• [PROMPT]: Up to and including the line that contains "Michael Lo Sordo", return every line from the start of the data, unchanged.

• [Short web captions]:
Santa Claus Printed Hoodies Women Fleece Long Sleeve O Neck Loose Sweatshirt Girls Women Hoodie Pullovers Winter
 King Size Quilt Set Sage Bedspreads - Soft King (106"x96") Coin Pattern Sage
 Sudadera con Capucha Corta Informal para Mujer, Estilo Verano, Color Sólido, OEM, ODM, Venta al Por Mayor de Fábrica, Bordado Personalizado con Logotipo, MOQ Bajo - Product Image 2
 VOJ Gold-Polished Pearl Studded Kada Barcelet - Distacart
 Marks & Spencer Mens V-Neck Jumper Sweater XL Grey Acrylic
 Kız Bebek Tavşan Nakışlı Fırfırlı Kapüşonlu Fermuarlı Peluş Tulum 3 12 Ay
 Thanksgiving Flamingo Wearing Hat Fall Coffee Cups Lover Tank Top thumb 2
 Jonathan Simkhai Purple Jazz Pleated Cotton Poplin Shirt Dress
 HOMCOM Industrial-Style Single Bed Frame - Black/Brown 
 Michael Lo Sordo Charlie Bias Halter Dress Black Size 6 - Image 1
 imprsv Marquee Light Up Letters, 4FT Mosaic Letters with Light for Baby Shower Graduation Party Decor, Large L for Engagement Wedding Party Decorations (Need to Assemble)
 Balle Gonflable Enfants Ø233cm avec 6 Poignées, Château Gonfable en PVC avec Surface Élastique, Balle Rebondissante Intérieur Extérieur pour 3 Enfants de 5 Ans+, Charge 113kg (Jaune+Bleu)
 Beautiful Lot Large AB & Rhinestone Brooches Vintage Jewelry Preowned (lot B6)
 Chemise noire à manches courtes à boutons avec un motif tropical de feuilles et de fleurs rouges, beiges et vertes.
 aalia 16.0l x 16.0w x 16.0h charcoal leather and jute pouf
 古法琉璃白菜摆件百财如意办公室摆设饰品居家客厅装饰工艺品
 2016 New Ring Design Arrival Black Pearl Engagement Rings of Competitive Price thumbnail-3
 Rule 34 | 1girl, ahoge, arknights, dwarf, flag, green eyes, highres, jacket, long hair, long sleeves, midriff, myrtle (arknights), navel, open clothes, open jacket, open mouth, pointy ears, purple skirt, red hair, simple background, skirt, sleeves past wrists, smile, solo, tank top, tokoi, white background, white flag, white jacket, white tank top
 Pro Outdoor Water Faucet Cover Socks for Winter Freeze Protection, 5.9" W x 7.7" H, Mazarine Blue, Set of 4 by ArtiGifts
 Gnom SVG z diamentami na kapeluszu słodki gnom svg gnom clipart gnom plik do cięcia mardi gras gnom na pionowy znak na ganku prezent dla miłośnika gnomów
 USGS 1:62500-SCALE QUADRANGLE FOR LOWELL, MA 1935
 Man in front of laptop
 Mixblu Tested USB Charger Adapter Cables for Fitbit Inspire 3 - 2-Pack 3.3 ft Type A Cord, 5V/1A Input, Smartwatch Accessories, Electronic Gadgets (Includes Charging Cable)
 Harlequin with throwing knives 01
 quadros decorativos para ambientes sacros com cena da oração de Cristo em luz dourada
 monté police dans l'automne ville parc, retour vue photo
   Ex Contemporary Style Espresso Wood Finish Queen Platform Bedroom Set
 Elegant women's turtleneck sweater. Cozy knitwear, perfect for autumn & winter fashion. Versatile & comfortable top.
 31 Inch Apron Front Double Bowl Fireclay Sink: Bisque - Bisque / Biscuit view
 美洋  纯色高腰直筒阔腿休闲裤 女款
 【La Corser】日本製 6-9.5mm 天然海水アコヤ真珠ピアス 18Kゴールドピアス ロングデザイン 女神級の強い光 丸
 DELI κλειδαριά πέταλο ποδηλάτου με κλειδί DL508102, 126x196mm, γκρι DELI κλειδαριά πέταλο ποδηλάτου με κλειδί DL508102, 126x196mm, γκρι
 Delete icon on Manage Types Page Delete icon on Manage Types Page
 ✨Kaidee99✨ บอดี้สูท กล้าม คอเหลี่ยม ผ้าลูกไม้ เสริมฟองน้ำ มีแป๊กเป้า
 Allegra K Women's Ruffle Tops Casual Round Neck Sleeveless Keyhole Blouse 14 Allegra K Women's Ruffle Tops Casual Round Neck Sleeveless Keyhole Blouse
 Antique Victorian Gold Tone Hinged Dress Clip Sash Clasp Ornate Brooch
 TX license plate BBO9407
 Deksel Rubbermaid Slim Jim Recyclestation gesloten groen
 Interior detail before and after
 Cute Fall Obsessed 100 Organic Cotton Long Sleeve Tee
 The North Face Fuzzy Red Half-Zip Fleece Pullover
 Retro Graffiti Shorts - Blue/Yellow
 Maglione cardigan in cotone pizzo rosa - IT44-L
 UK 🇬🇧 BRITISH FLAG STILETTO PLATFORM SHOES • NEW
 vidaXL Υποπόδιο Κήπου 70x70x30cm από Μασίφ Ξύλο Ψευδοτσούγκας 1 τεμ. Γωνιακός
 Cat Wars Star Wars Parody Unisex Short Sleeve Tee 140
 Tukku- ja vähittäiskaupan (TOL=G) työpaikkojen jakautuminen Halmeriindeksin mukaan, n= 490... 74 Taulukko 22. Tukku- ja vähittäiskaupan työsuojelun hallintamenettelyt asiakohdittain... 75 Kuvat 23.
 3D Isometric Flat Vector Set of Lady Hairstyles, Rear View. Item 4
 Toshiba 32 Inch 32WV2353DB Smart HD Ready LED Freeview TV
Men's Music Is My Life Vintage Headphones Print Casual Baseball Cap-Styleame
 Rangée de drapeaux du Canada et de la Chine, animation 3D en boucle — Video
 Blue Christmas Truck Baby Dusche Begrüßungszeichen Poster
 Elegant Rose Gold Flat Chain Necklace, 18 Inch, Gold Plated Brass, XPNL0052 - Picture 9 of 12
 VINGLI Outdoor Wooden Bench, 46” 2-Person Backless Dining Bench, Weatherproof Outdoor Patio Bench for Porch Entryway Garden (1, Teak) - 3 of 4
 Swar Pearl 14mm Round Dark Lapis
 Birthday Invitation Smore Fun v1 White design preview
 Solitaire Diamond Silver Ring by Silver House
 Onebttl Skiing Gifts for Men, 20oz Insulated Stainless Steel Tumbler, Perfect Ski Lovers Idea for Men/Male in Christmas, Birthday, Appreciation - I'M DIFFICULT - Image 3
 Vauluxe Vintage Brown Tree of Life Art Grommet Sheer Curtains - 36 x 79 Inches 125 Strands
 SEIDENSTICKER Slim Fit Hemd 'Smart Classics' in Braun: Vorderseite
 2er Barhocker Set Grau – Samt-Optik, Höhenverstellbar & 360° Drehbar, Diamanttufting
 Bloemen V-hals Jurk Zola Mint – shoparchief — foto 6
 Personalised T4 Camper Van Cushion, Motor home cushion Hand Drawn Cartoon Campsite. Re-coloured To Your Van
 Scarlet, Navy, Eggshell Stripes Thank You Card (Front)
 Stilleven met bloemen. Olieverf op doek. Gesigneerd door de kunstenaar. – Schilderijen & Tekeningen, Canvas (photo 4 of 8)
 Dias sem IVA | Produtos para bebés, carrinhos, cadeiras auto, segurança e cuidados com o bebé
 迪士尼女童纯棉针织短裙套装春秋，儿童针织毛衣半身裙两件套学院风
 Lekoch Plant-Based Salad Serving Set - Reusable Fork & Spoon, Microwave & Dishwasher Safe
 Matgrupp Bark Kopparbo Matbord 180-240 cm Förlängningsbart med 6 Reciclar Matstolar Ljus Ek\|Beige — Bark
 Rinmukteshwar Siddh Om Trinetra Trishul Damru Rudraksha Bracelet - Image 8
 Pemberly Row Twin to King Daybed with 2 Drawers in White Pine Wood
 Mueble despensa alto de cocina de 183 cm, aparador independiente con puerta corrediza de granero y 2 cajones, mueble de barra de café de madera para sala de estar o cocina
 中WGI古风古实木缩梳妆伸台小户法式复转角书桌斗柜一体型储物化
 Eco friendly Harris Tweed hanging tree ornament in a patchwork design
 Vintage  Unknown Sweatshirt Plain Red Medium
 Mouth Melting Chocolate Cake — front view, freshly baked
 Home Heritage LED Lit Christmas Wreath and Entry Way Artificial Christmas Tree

• [TASK RESULT]:
Santa Claus Printed Hoodies Women Fleece Long Sleeve O Neck Loose Sweatshirt Girls Women Hoodie Pullovers Winter
 King Size Quilt Set Sage Bedspreads - Soft King (106"x96") Coin Pattern Sage
 Sudadera con Capucha Corta Informal para Mujer, Estilo Verano, Color Sólido, OEM, ODM, Venta al Por Mayor de Fábrica, Bordado Personalizado con Logotipo, MOQ Bajo - Product Image 2
 VOJ Gold-Polished Pearl Studded Kada Barcelet - Distacart
 Marks & Spencer Mens V-Neck Jumper Sweater XL Grey Acrylic
 Kız Bebek Tavşan Nakışlı Fırfırlı Kapüşonlu Fermuarlı Peluş Tulum 3 12 Ay
 Thanksgiving Flamingo Wearing Hat Fall Coffee Cups Lover Tank Top thumb 2
 Jonathan Simkhai Purple Jazz Pleated Cotton Poplin Shirt Dress
 HOMCOM Industrial-Style Single Bed Frame - Black/Brown 
 Michael Lo Sordo Charlie Bias Halter Dress Black Size 6 - Image 1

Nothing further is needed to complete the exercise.